Task directions: Leaving out every picture, please repeat exactly the line that contains "#토와 #towa #透和 #とわ https://t.co/QlLVqMJye1" and each line after it through the final line below.

━━ Data supplied ━━

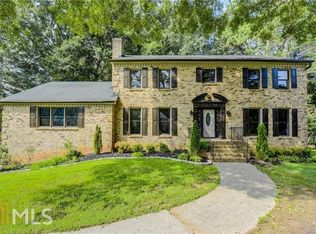 507 Daisy Nash Dr, Lilburn, GA 30047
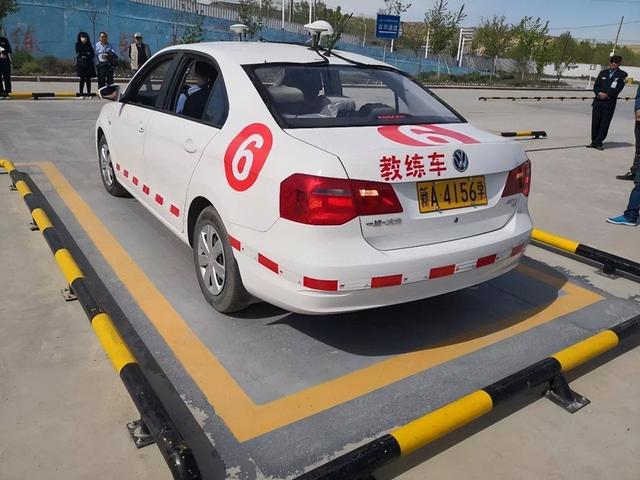 自动挡科目二考试内容顺序（自动挡科目二考试内容及流程）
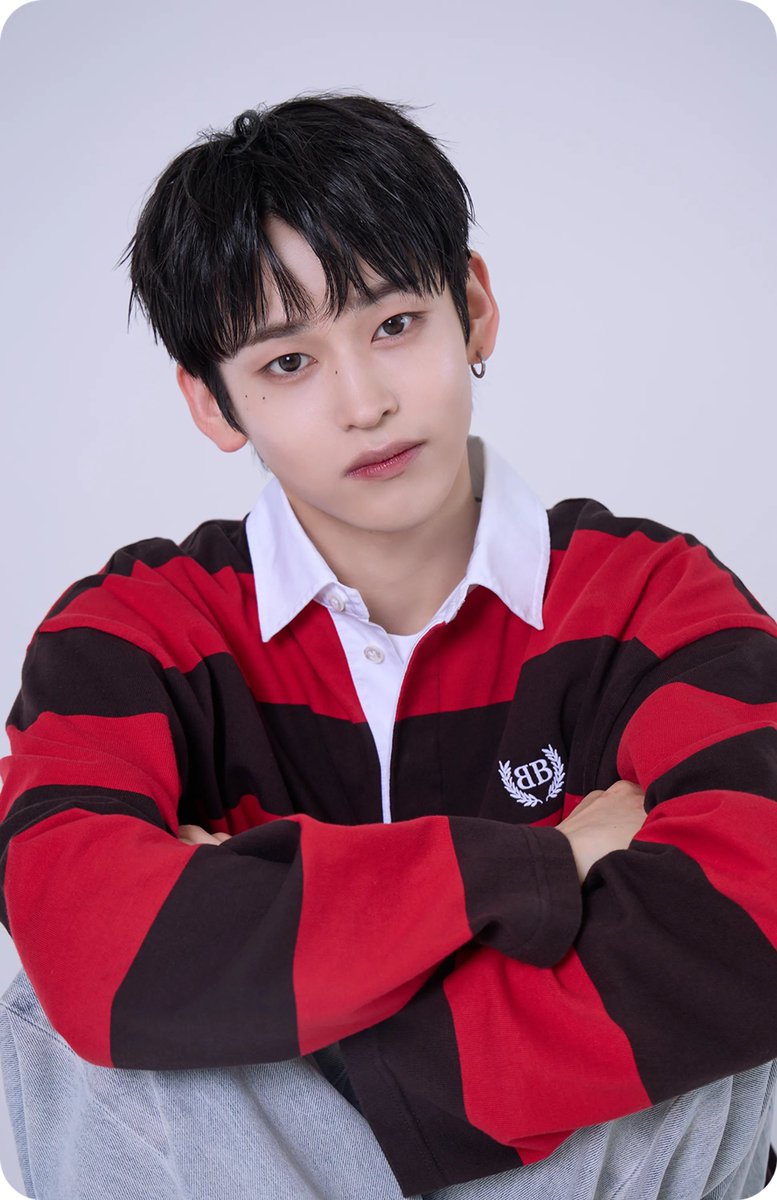 towanyang's tweet photo. ❤️🖤

#토와 #towa #透和 #とわ https://t.co/QlLVqMJye1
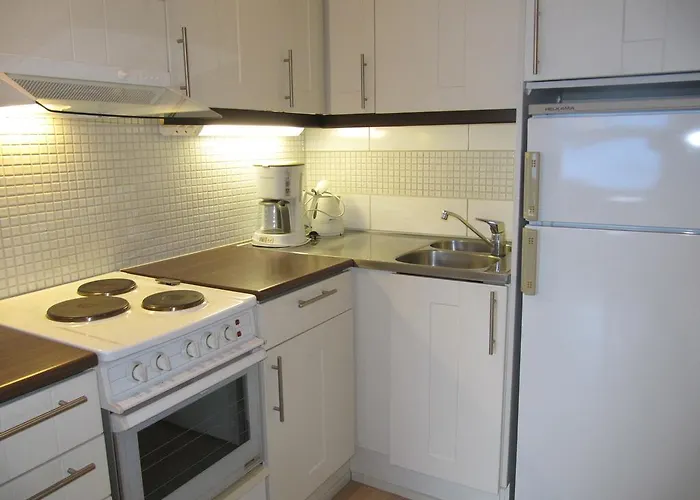 ラパン クツ アパート サーリセルカ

━━━

Solution to this task:
#토와 #towa #透和 #とわ https://t.co/QlLVqMJye1
 ラパン クツ アパート サーリセルカ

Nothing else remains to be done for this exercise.